Thursday, January 13, 2005

Goldberg v. Warner/Chappell Music (Cal. App. - January 7, 2005)

The California Rules of Professional Conduct establish the most idiosyncratic legal ethics rules in the nation. So I'm hardly going to complain when the California judiciary interprets those provisions in a manner that makes them more consistent with the prevailing regime outside of our Great State. Besides, it makes my job easier -- that way when I teach my Professional Responsibility class (which I've taught for the past decade) I'm required to spend less time explaining the myriad of differences between the Model Rules of Professional Conduct and the ethical rules that apply here.

So it is not like I'm going to complain bitterly that the California Court of Appeal interpreted Rule 3-310(E) here to essentially to mean the same thing as Model Rule 1.10(b), notwithstanding the fact that those two provisions -- as well as the cases that have been decided thereunder -- are fairly divergent. But I would appreciate it if Justice Curry would at least expressly recognize that what he's doing is a fair piece different than what's been done before.

He holds in this case -- entirely plausibly -- that Mitchell Silberberg & Kupp isn't disqualified from representing defendant even though a former attorney at MS&K had an attorney-client relationship (albeit a very informal one) with the plaintiff, holding that disqualification isn't required because the relevant partner had left MS&K years ago and no one remaining at the firm knew anything about the prior representation. It's reasonable, and consistent with Rule 1.10(b), to adopt such an approach. Fair enough.
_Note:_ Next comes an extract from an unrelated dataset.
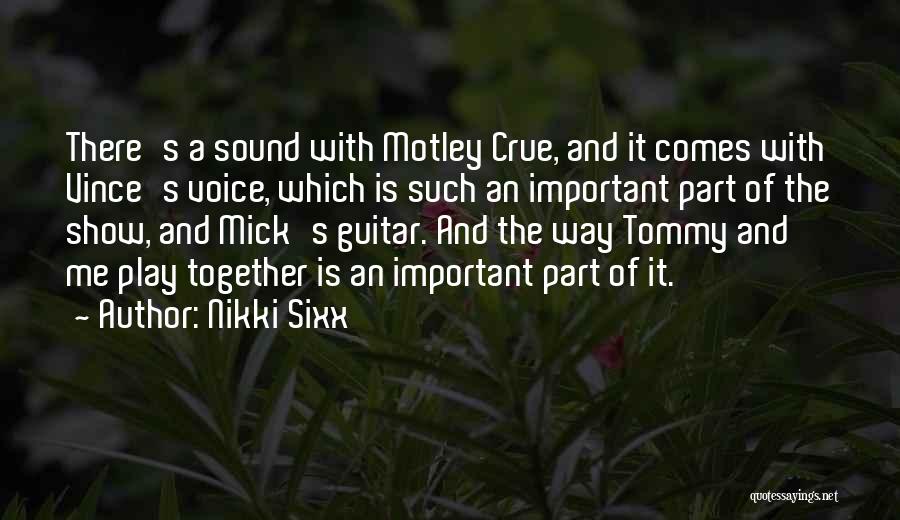 Part Way Quotes By Nikki Sixx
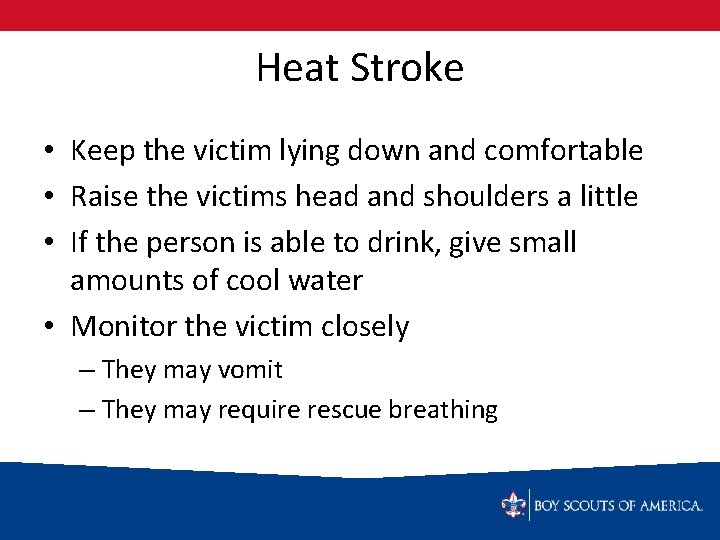 Heat Stroke • Keep the victim lying down and comfortable • Raise the victims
But two things. First, don't try to make it look like you're not doing anything fairly new. There's a fair bit of difference between this case and Adams v. Aerojet, in which the Court of Appeals held that disqualification might not be imputed to the departing lawyer based upon the activities of others at his former firm. We are now talking about eliminating the disqualification of the law firm; i.e., the entity that actually had the prior attorney-client relationship with -- and is now directly opposing -- the plaintiff. That's different.

Second, don't justify the rule based upon the view of attorneys as "free agents" who need mobility to freely move from firm to firm. That's a justification for cases like Adams, which narrowed the imputed disqualification of the departing attorney, but not a reason for limiting diqualification of the law firm itself. Indeed, if anything, the rule articulated by Justice Curry may actually give an incentive for law firms to fire particular attorneys if doing so will thereby terminate a conflict and permit them to take on a particular client. (This is analogous to the "Drop The Client Like a Hot Potato" problem we discuss in my class about the potential ability of law firms to avoid disqualification by firing a client and thereby turning a concurrent conflict into a much more limited successive conflict.)

So for those of us interested in legal ethics, it's an interesting case. Justice Curry may well reach the correct result, but perhaps could have done so a little bit more carefully, a bit more forthrightly, and with a bit more precise recognition of the proper basis for his approach.

P.S. -- For those less interested in legal ethics and more interested in salacious gossip, the plaintiff in this case -- Ilene Goldberg -- is herself a California attorney, and asserts lots of dirt in her Complaint. So the case (and especially her brief) offers a little something for everyone.